**Collected material**
········

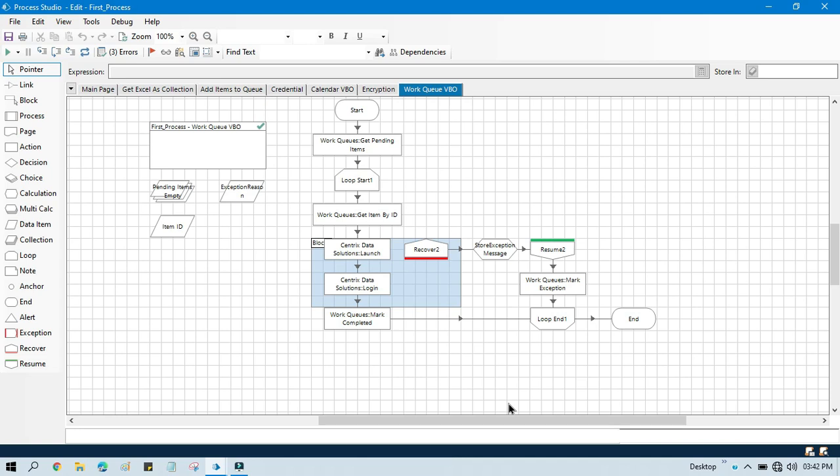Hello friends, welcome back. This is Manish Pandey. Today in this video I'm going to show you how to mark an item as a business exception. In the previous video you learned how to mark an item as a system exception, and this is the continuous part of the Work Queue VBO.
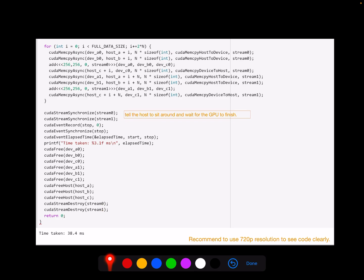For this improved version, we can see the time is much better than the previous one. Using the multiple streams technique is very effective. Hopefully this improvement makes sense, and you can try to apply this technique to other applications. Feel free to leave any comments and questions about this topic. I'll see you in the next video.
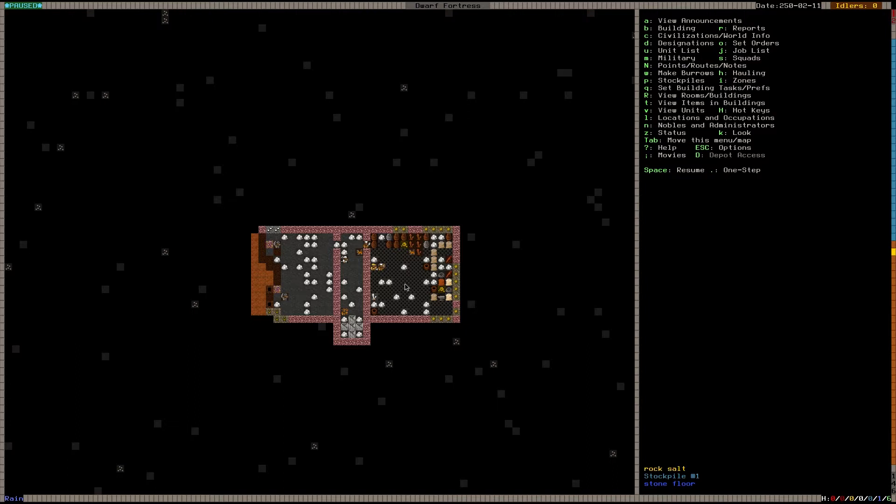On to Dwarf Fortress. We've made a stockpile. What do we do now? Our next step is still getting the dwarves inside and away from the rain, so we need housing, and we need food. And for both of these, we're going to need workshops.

········

**The task**
Type the listing out again word for word, passing over each picture.

**Answer**
Hello friends, welcome back. This is Manish Pandey. Today in this video I'm going to show you how to mark an item as a business exception. In the previous video you learned how to mark an item as a system exception, and this is the continuous part of the Work Queue VBO.
For this improved version, we can see the time is much better than the previous one. Using the multiple streams technique is very effective. Hopefully this improvement makes sense, and you can try to apply this technique to other applications. Feel free to leave any comments and questions about this topic. I'll see you in the next video.
On to Dwarf Fortress. We've made a stockpile. What do we do now? Our next step is still getting the dwarves inside and away from the rain, so we need housing, and we need food. And for both of these, we're going to need workshops.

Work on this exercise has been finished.